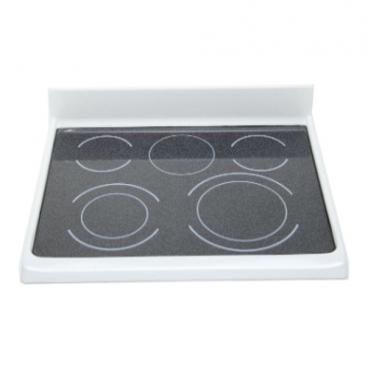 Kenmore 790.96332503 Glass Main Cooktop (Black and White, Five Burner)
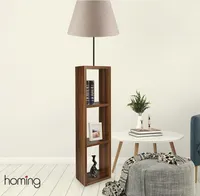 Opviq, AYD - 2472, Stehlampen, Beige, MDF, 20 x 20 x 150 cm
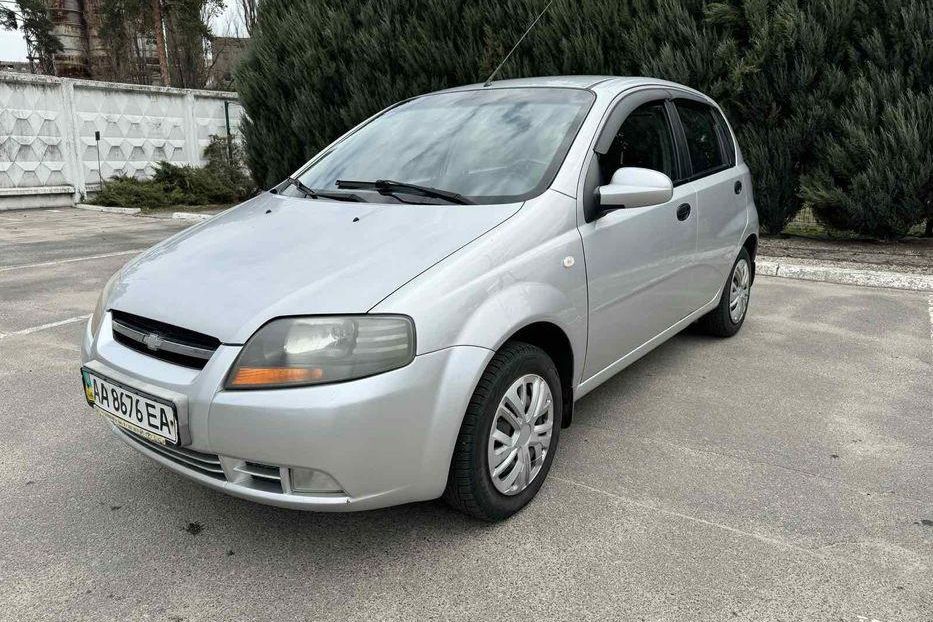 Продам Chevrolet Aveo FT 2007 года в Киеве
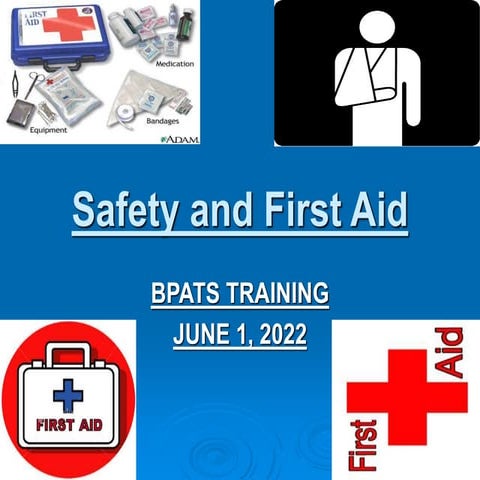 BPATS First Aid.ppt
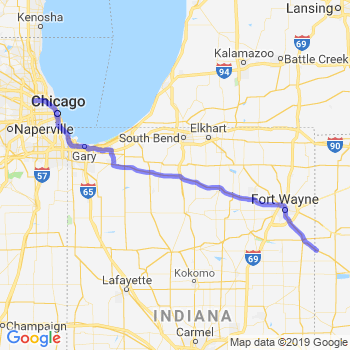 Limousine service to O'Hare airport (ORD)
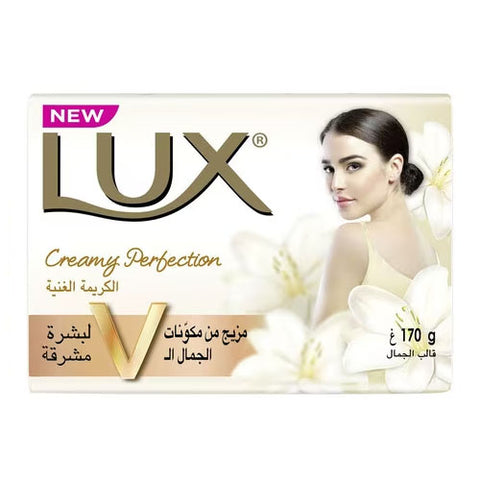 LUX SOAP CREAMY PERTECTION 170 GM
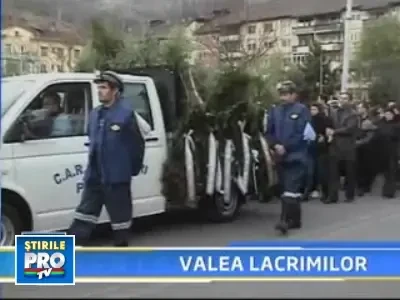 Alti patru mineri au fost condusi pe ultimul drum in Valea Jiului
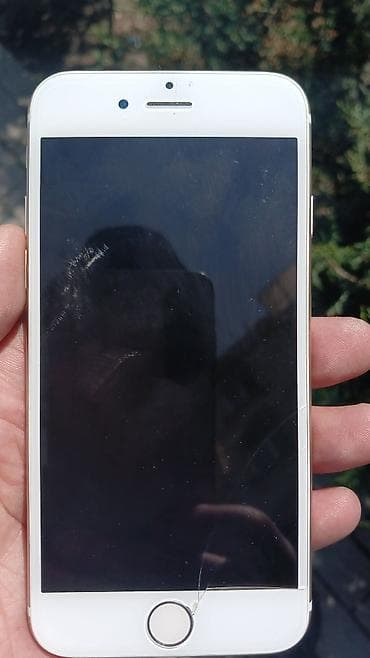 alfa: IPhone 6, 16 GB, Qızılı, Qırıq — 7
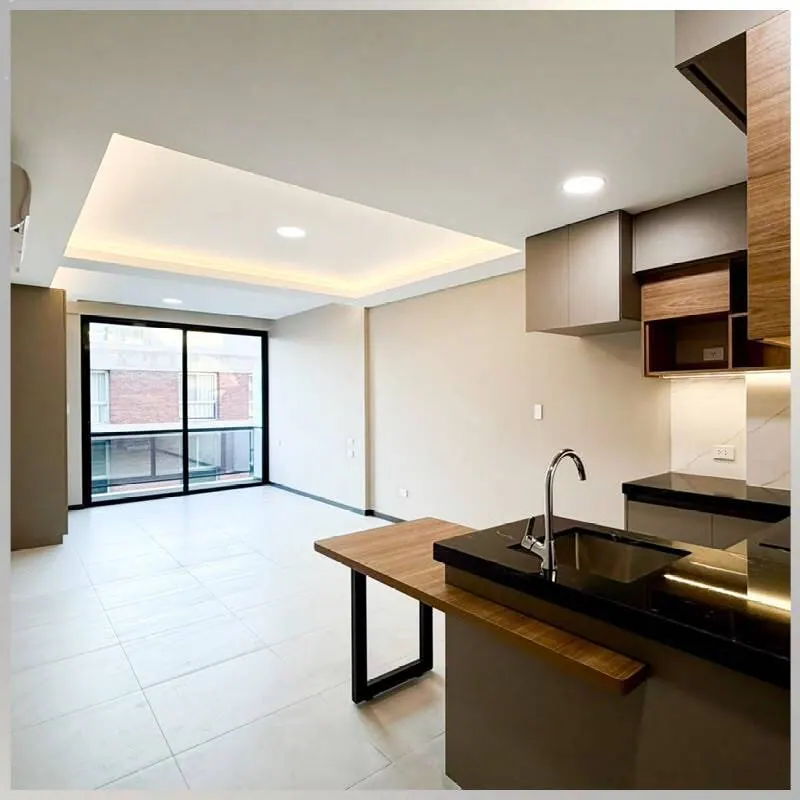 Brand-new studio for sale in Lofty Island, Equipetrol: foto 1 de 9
::::::::::
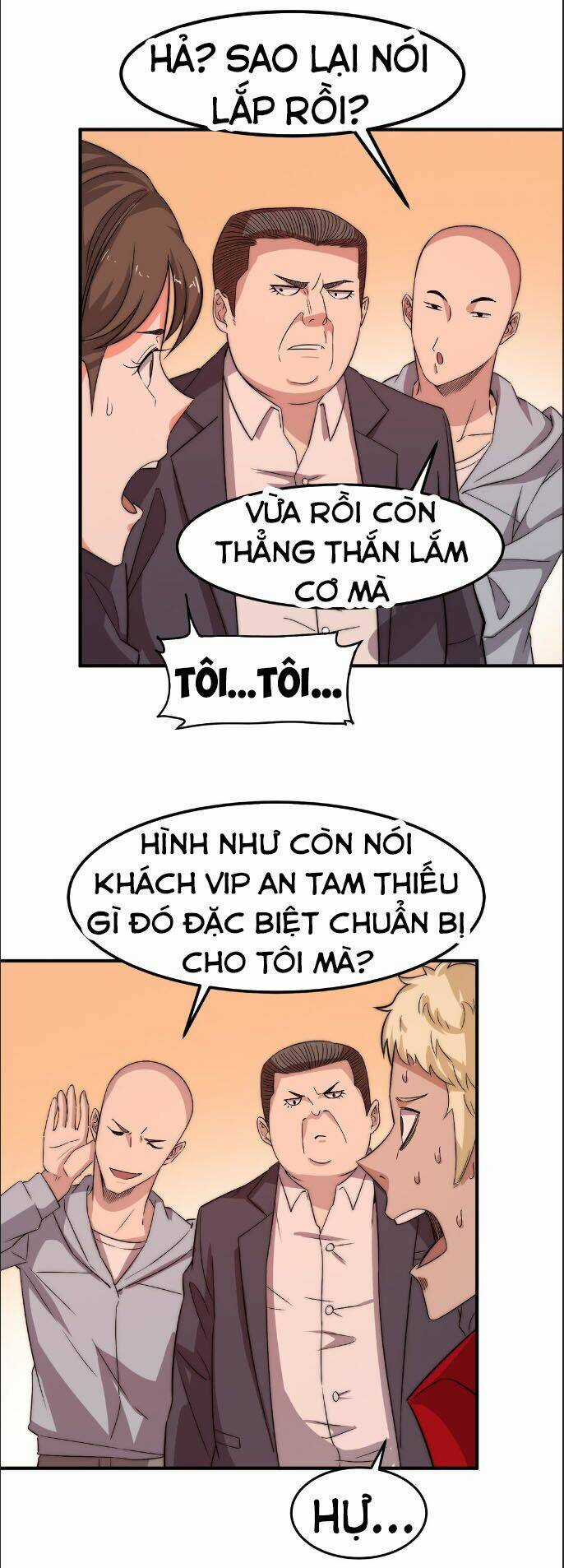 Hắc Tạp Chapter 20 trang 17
::::::::::
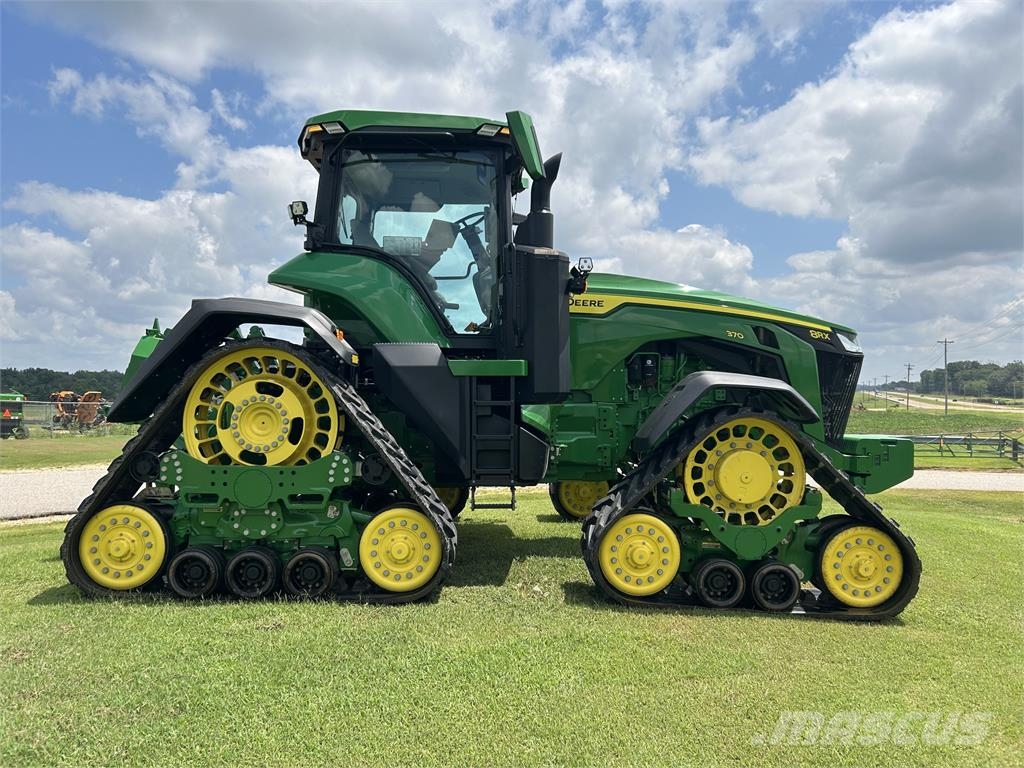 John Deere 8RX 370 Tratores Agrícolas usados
::::::::::
§ YOUR GOAL: All lines above from the one containing "Opviq, AYD - 2472, Stehlampen, Beige, MDF, 20" up to and including the one containing "Brand-new studio for" are to be set down exactly, and nothing else. Leave images out.

§ SOLUTION TO THIS PROBLEM:
 Opviq, AYD - 2472, Stehlampen, Beige, MDF, 20 x 20 x 150 cm
 Продам Chevrolet Aveo FT 2007 года в Киеве
 BPATS First Aid.ppt
 Limousine service to O'Hare airport (ORD)
 LUX SOAP CREAMY PERTECTION 170 GM
 Alti patru mineri au fost condusi pe ultimul drum in Valea Jiului
 alfa: IPhone 6, 16 GB, Qızılı, Qırıq — 7
 Brand-new studio for sale in Lofty Island, Equipetrol: foto 1 de 9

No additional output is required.